# Any true loners what to talk?



## mere phantom (Dec 16, 2003)

...


----------



## WineKitty (Nov 26, 2004)

You have rather very set parameters of who you can relate to before even talking to them....maybe you should give some others a chance?? :stu Just a thought....


----------



## Heather200408 (Aug 17, 2004)

I agree w/ penny..

You did not want to chat to me because I had a boyfriend. However, that is ALL I have. I do not have any friends at all. The boyfriend is merely by chance...aka: the internet. I could probably relate to you more than you imagine, but you never gave me a chance citing I am not a true loner. 

In my opinion I am a huge loner.
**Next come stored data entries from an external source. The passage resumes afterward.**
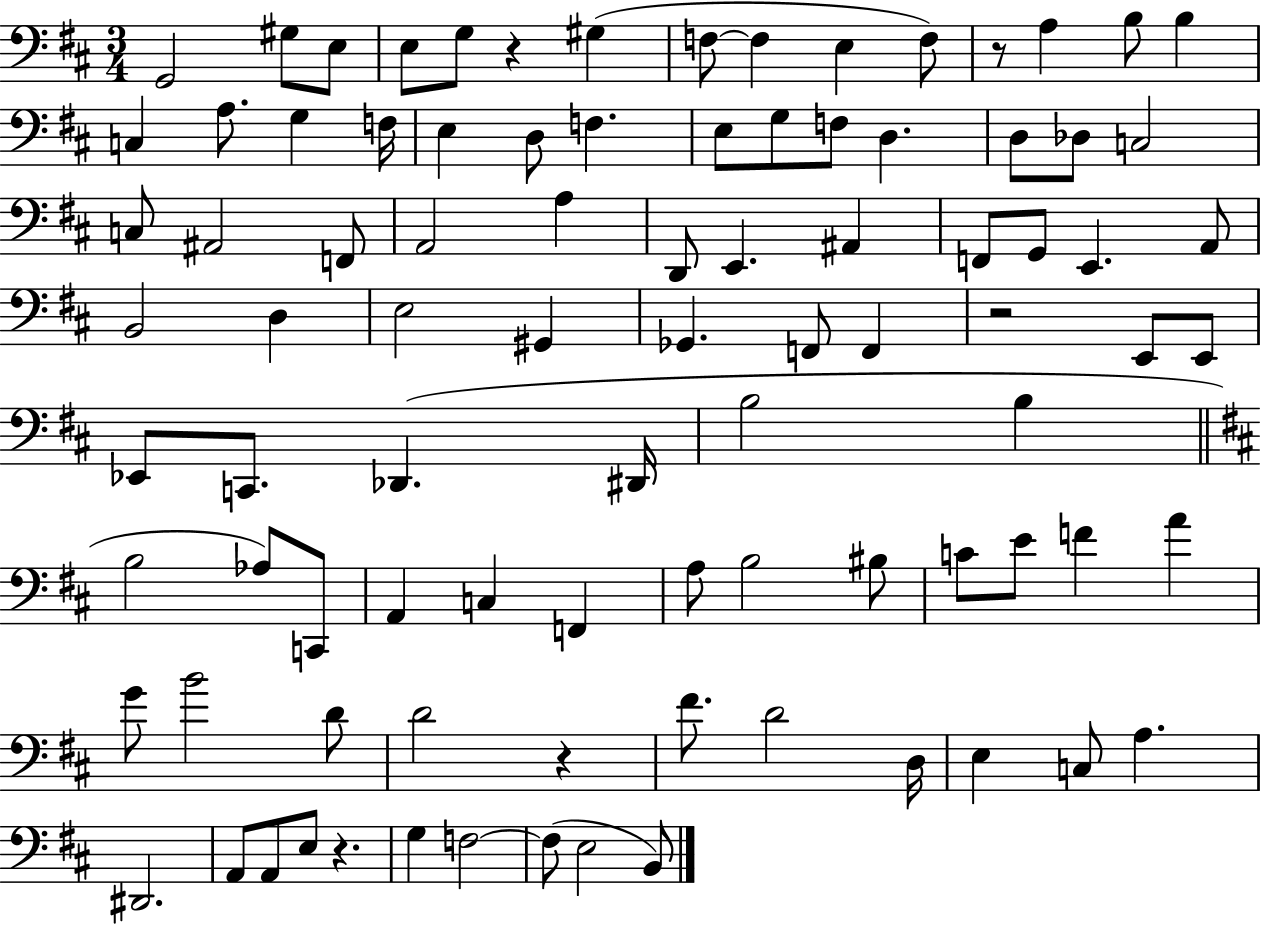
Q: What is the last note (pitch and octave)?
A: B2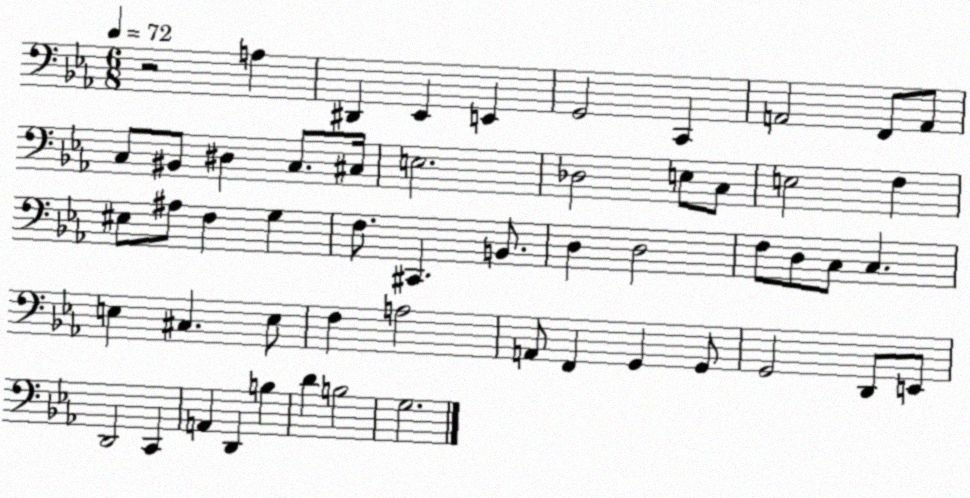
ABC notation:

X:1
T:Untitled
M:6/8
L:1/4
K:Eb
z2 A, ^D,, _E,, E,, G,,2 C,, A,,2 F,,/2 A,,/2 C,/2 ^B,,/2 ^D, C,/2 ^C,/4 E,2 _D,2 E,/2 C,/2 E,2 F, ^E,/2 ^A,/2 F, G, F,/2 ^C,, B,,/2 D, D,2 F,/2 D,/2 C,/2 C, E, ^C, E,/2 F, A,2 A,,/2 F,, G,, G,,/2 G,,2 D,,/2 E,,/2 D,,2 C,, A,, D,, B, D B,2 G,2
I go days without talking to anyone. However, I understand your desire to relate to similar people. But...whatever.its okay..I hate SA.


----------



## LostinReverie (Mar 18, 2007)

I am a true loner, but I don't like talking to people on IM... because I'm a loner....

And just a thought but aren't you looking for friendship? Then if you do make a friend, wouldn't you not meet your own criteria?


----------



## FairleighCalm (May 20, 2007)

Look at my post. If you want to talk/chat whatever pmm for my phone. I'm not a loner but I am a stoner...I crack myself up.


----------



## coldmorning (Jul 4, 2007)

I think you're entitled to want to talk to whoever you want with what ever conditions you'd like met. The rest of us should leave you alone and not judge what you're asking for.


----------



## deist78 (Nov 12, 2003)

hi i'm a true loner. i have no friends and i do not have a girlfriends, and i can't imagine that situation changing anytime soon.


----------